A similar story is told of Achachildis, popularly known as Atzin, who is held in veneration at Wendelstein near Schwabach. She bore her husband five children at once and then took a vow of continence. Her legend has never been written, but she enjoys a great reputation for holiness, and a series of pictures represent various incidents in her life105.

Images of women sheltering children, usually beneath their cloaks, are frequently found abroad built into the outer wall of the church, the place where Christian teachers felt justified in placing heathen images106. Students of pictorial art will here recall the image of St Ursula at Cöln sheltering 11,000 virgins under her cloak.

Again there are other emblems in saint worship which cannot be easily accounted for, such for instance as the holy combs of Verena and Pharaildis, which remind one of the comb with which the witch Lorelei sat combing her hair, or, on classic soil, of the comb of the Venus Calvata; or the holy slippers of St Radiane, which are preserved to this day in the church of Wellenburg and which, as Stadler informs us, had been re-soled within his time107. Slippers and shoes are ancient symbols of appropriation, and as such figure in folk-lore and at weddings in many countries to this day.

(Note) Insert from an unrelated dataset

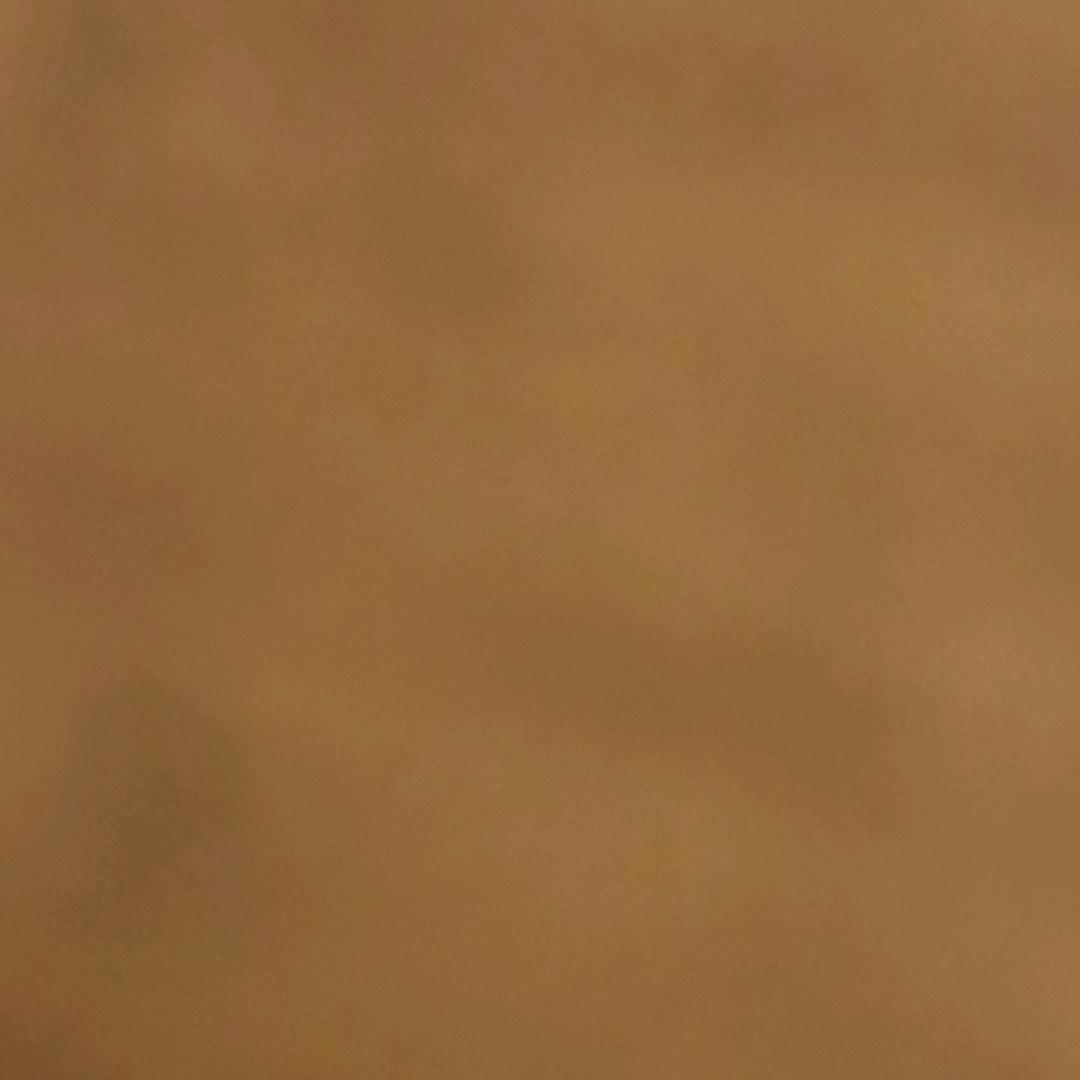 大熊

The golden slipper was likewise a feature at the witches’ festival, in which the youthful fiddler also figured108. Both the golden slipper and the youthful fiddler form important features in the legend of the saint Ontkommer or Wilgefortis. The images and legend of this saint are so peculiar that they claim a detailed account.

It is evident from what has been said that the legends and cult of many women pseudo-saints have traits in common; indeed the acts ascribed to different saints are often exactly similar. The stories of Notburg of Rottenburg, of Radiane of Wellenburg, and of Gunthild of Biberbach, as Stadler remarks, are precisely alike; yet it is never suggested that these saints should be treated as one; each of them has her place in the Acta Sanctorum and is looked upon as distinct from the others.

There is, however, a set of women-saints whose images and legends have features so distinctive that hagiologists treat of them collectively as one, though they are held in veneration in districts widely remote from each other, and under very dissimilar names.

The saint, who is venerated in the Low Countries as Ontkommer or Wilgefortis, is usually considered identical with the saint Kümmerniss of Bavaria and the Tyrol; with the saint Livrade, Liberata or Liberatrix venerated in some districts of France as early as the 9th century when Usuard, writing in the monastery of St Germain-des-Près, mentions her; with Gehulff of Mainz; with Hilp of the Hülfensberg at Eichsfelde; and with others called variously Regenfled, Regenfrith, Eutropia, etc.109 The name Mariahilf, which is very common in south Germany, is probably a combination of the name of the Virgin Mother with that of St Hilp or St Gehulff.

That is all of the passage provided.